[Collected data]
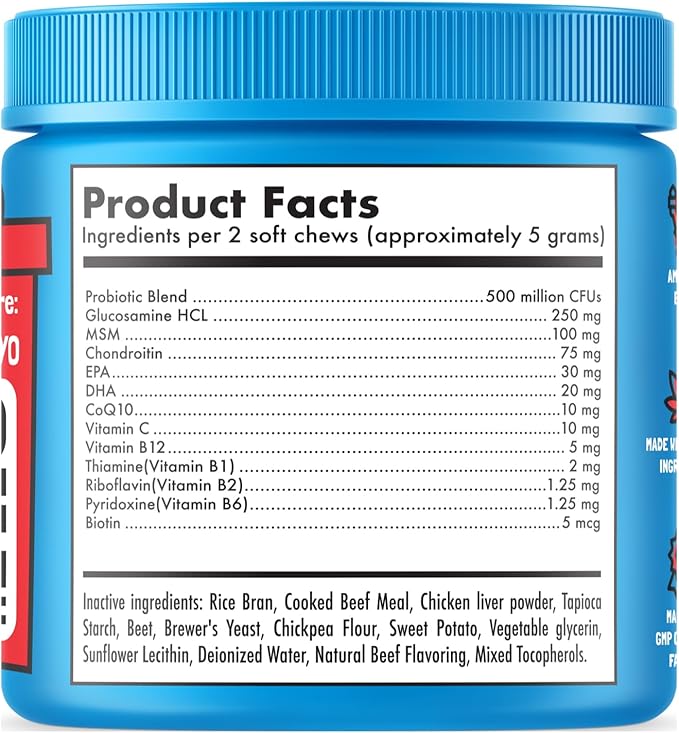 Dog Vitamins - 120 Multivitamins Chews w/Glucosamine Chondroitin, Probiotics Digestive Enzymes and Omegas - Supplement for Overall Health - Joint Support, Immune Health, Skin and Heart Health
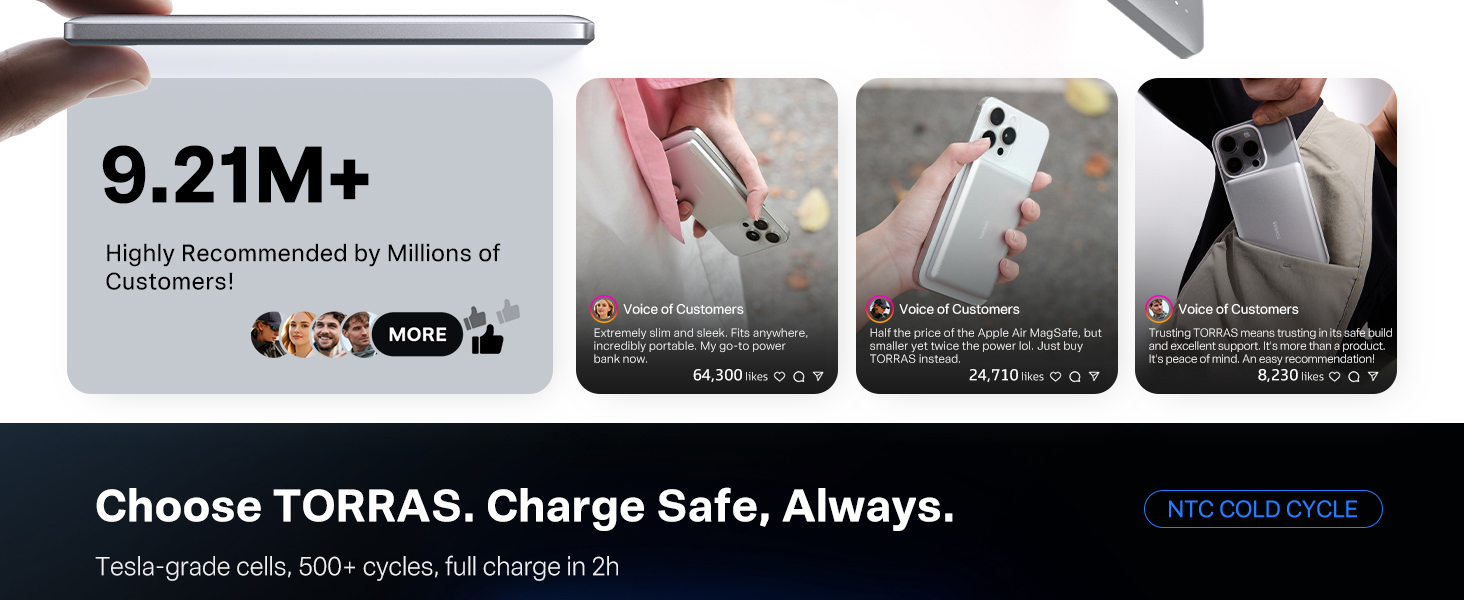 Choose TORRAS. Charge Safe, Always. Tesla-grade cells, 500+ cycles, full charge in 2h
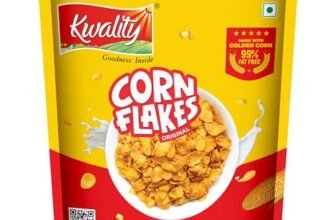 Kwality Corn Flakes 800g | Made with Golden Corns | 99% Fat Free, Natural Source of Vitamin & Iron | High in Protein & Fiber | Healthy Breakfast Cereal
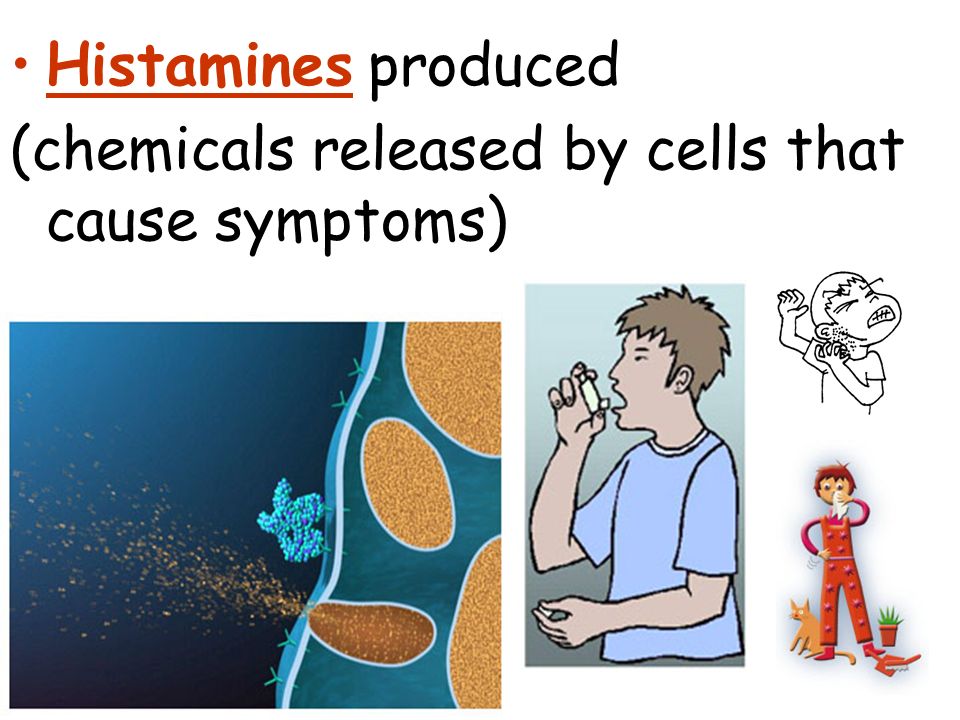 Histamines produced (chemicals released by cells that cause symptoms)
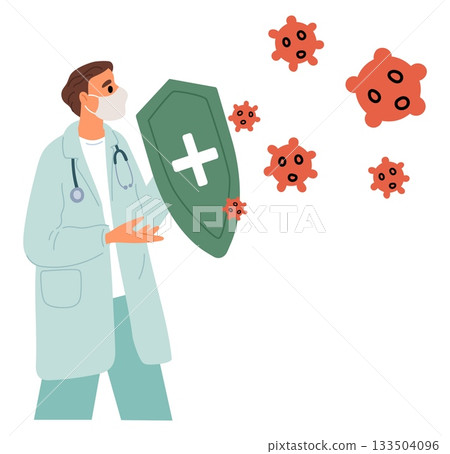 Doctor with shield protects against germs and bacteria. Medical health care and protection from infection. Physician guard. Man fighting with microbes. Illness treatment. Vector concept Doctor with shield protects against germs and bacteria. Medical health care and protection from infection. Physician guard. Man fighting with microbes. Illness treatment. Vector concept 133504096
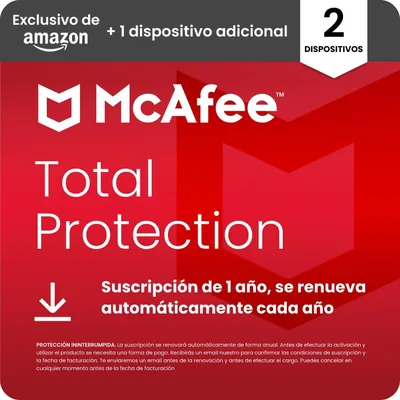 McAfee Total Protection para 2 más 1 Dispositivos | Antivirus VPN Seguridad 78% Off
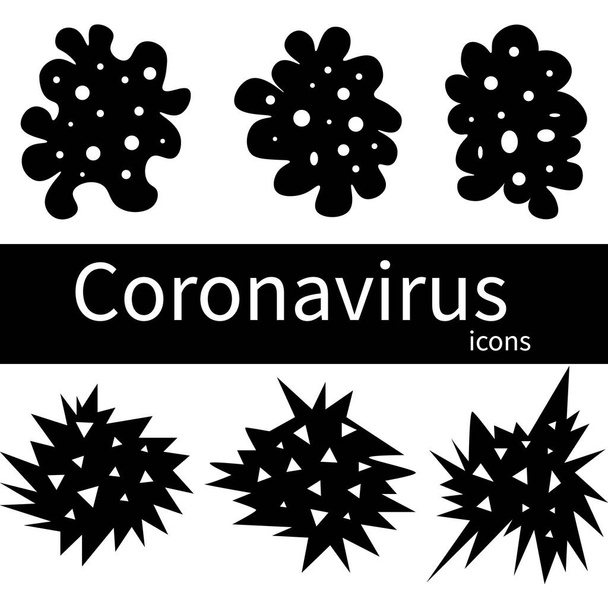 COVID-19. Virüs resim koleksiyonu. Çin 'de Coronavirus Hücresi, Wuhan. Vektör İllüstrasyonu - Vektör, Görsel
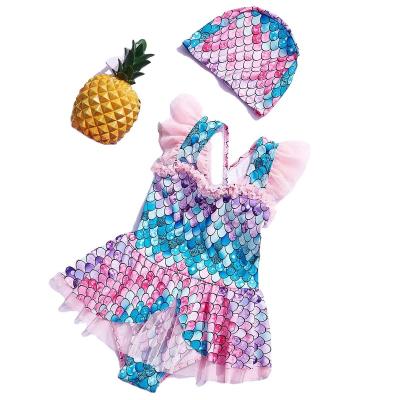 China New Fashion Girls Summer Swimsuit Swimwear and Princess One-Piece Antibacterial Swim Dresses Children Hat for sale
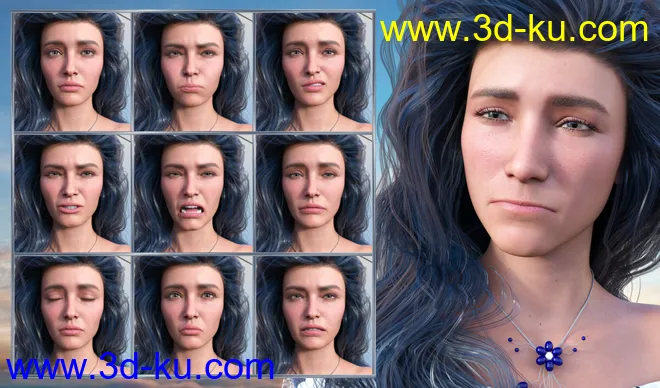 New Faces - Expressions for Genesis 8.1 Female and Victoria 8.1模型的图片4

● Assignment
Copy word for word the lines above, starting at the line containing "McAfee Total Protection" and ending at the line containing "China New Fashion", inclusive, with no pictures.

● Exercise output
 McAfee Total Protection para 2 más 1 Dispositivos | Antivirus VPN Seguridad 78% Off
 COVID-19. Virüs resim koleksiyonu. Çin 'de Coronavirus Hücresi, Wuhan. Vektör İllüstrasyonu - Vektör, Görsel
 China New Fashion Girls Summer Swimsuit Swimwear and Princess One-Piece Antibacterial Swim Dresses Children Hat for sale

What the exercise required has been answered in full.